Jesus Would Get Her Fired

There’s a good chance by now that you’ve heard about the pastor who didn’t like that she was charged an 18% gratuity on her bill at Applebee’s. She crossed out the tip, wrote in $0, and added, “I give God 10%. Why do you get 18%?”

My first thought on reading that was that the answer is simple. Even a bad server does infinitely more for you than a nonexistent god. Also, because that’s how people working their asses off get paid, and large groups are notoriously bad at basic bill addition, much less tax-and-tip math. An 18% tip is low.

The pastor, however, has managed to make things even worse. From The Smoking Gun:

The St. Louis pastor responsible for the credit card receipt heard ‘round the Internet termed her snide scribblings a “lapse in my character and judgment,” adding that the Applebee’s employee who posted the receipt online was fired yesterday after she lodged a complaint with restaurant managers.

In a TSG interview, Alois Bell said that the online firestorm created by the receipt has left her stunned. “My heart is really broken,” said the 37-year-old Bell. “I’ve brought embarrassment to my church and ministry.”

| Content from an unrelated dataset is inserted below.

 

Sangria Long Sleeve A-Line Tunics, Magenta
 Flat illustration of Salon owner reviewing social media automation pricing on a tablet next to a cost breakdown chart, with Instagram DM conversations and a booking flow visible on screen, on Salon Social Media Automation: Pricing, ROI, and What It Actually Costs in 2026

Oh, Pastor Bell. Your poor church and ministry! This is devastating. They’re going to have to look for a job in a tight economy.

No, wait, that’s the server you decided should pay for complaining about your “lapse in character and judgment”. You’re the one who decided being a pastor gave you some sort of license to sneer at the people who serve you week after week, but you didn’t want to deal with that irony pushing the story around the internet, or as you put it, being “blown out of proportion.”

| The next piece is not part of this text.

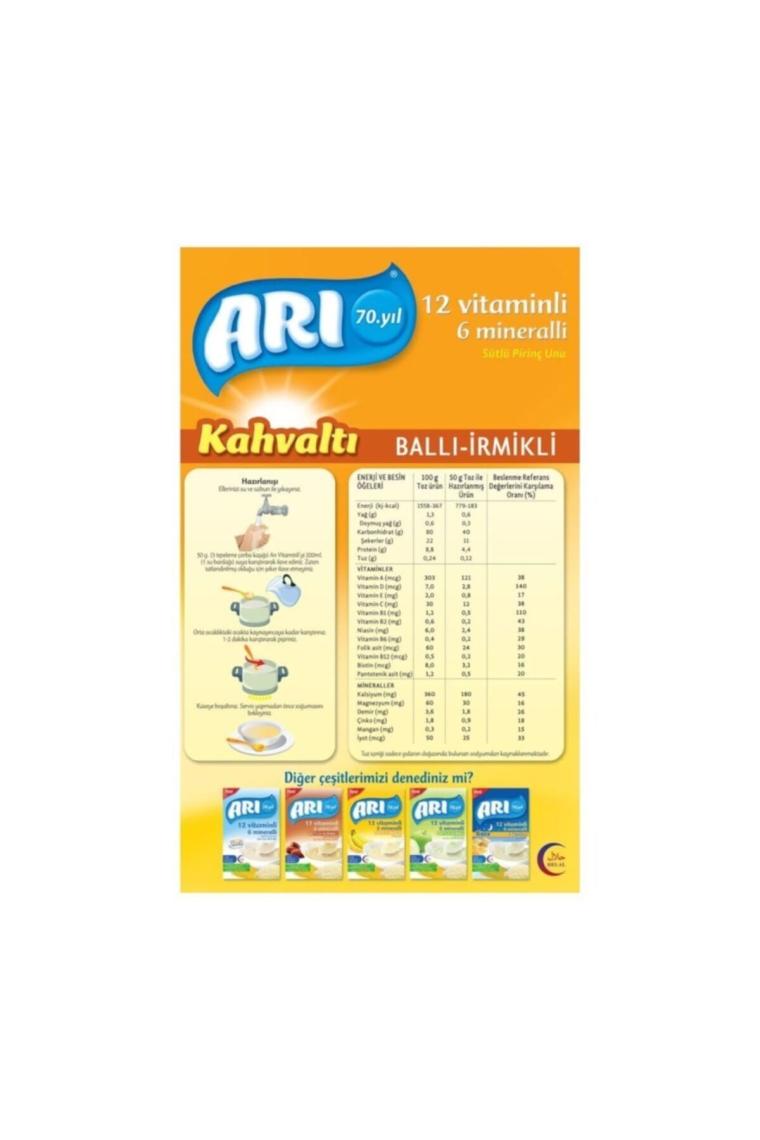 Ballı Irmikli Kahvaltı 12 Vitamin 6 Mineral 250 gr X 3 Adet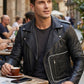 MMJ19 Men's Grease 2 John Travolta T Birds Black Real Leather Biker Jacket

Yes, readers, that’s right. Bell’s interview tells us this wasn’t some kind of one-time misunderstanding about how tipping for groups works.

The January 25 meal came after an evening service at the Truth in the World Deliverance Ministries church, said Bell, who added that five adults and five children were in the group that dined at Applebee’s (a traditional post-service destination for church members).

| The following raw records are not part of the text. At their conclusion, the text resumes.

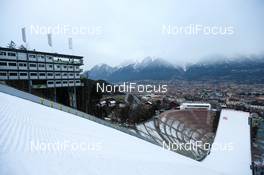 03.01.2013, Innsbruck, Austria (AUT): a general view at the Bergisel stadium  - FIS world cup ski jumping, four hills tournament, individual HS130 qualification, Innsbruck (AUT). www.nordicfocus.com. © Laiho/NordicFocus. Every downloaded picture is fee-liable.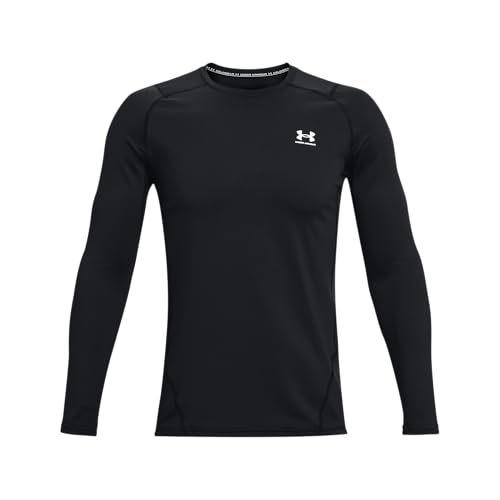 Under Armour CG Armour Fitted Crew, langärmliges atmungsaktives Funktionsshirt, schnelltrocknendes Langarmshirt Herren, Black / White , 2XL von Under Armour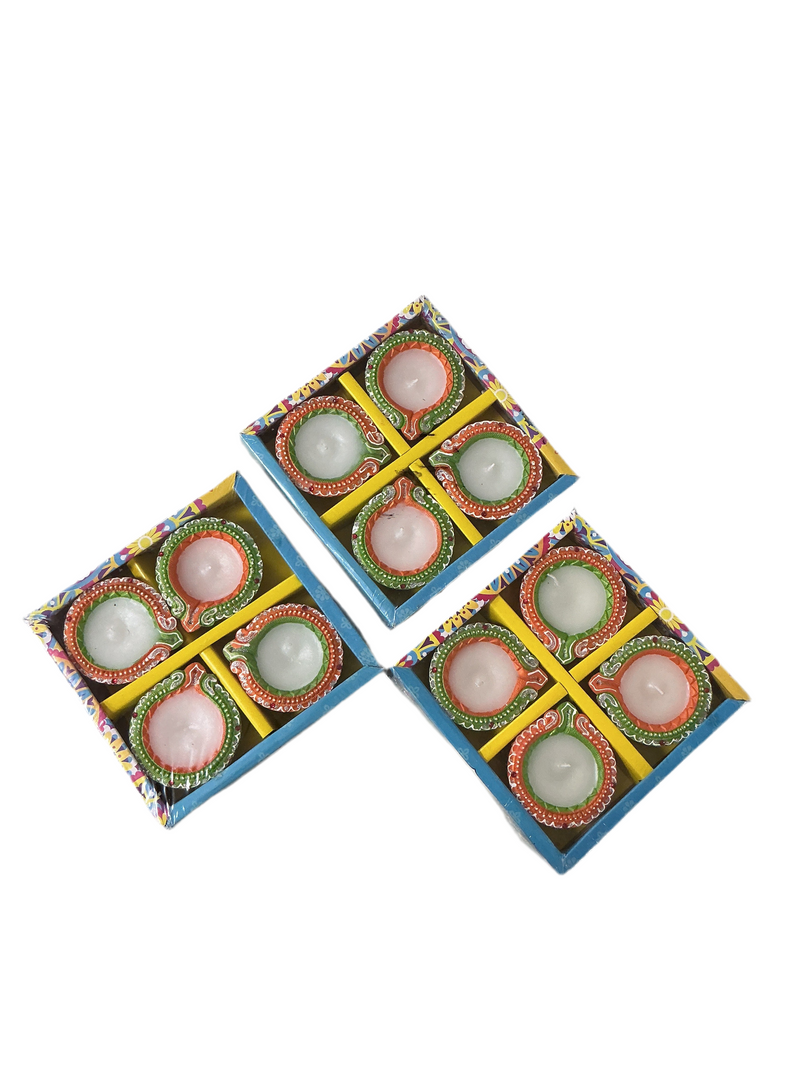 Diwali Designer Clay Diyas With Wax 12 Pack C2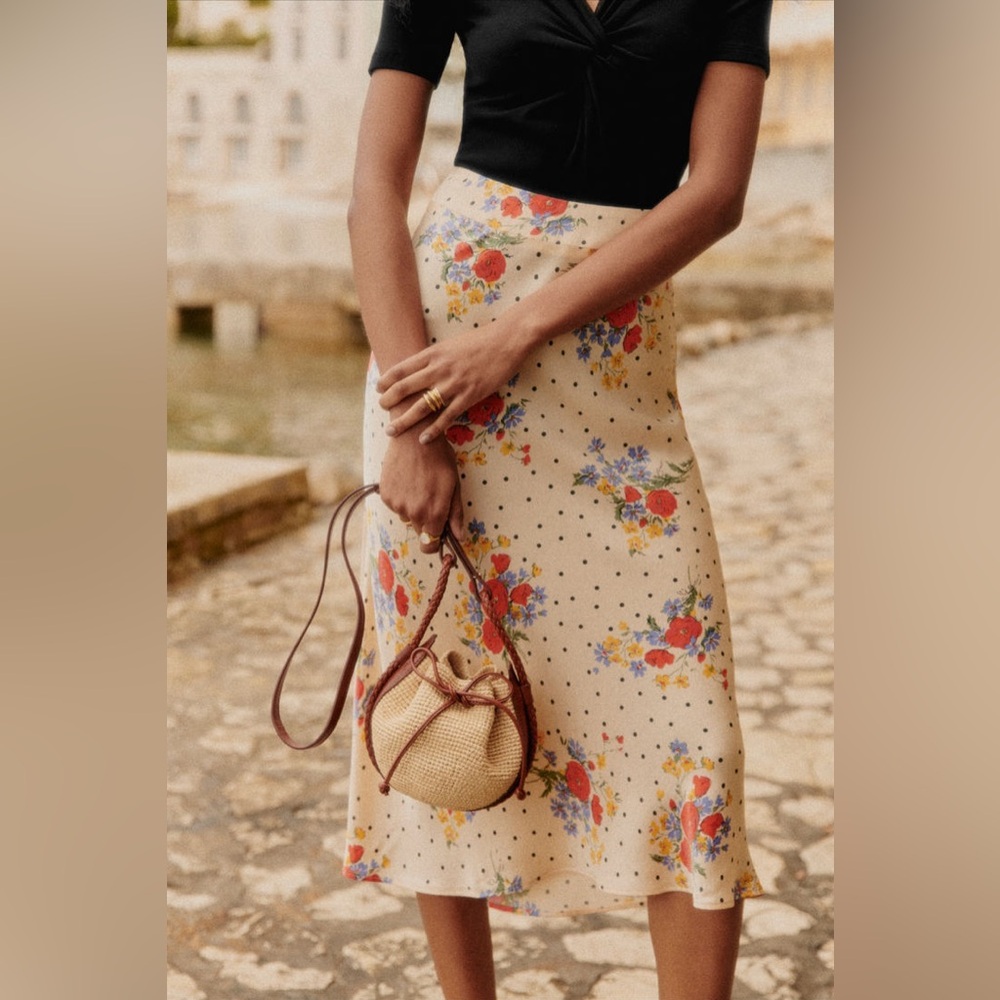 Sezane Midi Skirt - Peach Floral Polka Dot Size 44  - NWT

They go there all the time. They know how this works.

Pastor Bell also says she did tip.

Despite scratching out the tip added to the bill, Bell said that she left a $6 tip in cash, adding that she subsequently discovered the 18 percent gratuity had been charged to her credit card.

An 18% tip would have been $6.29. The pastor threw a godly, entitled snit over $0.29, assuming she did leave the $6.

At least the server got an extra $6 out of it, maybe. That should tide her through her job interviewing for all of a cheap meal or so. All because Pastor Alois Bell got embarrassed later rather than sooner. Correction: The server who posted the receipt was not the server who received the tip. However, Pastor Bell reportedly also tried to have that server fired, as well as other staff at the restaurant.

It’s what Jesus would have done, you know.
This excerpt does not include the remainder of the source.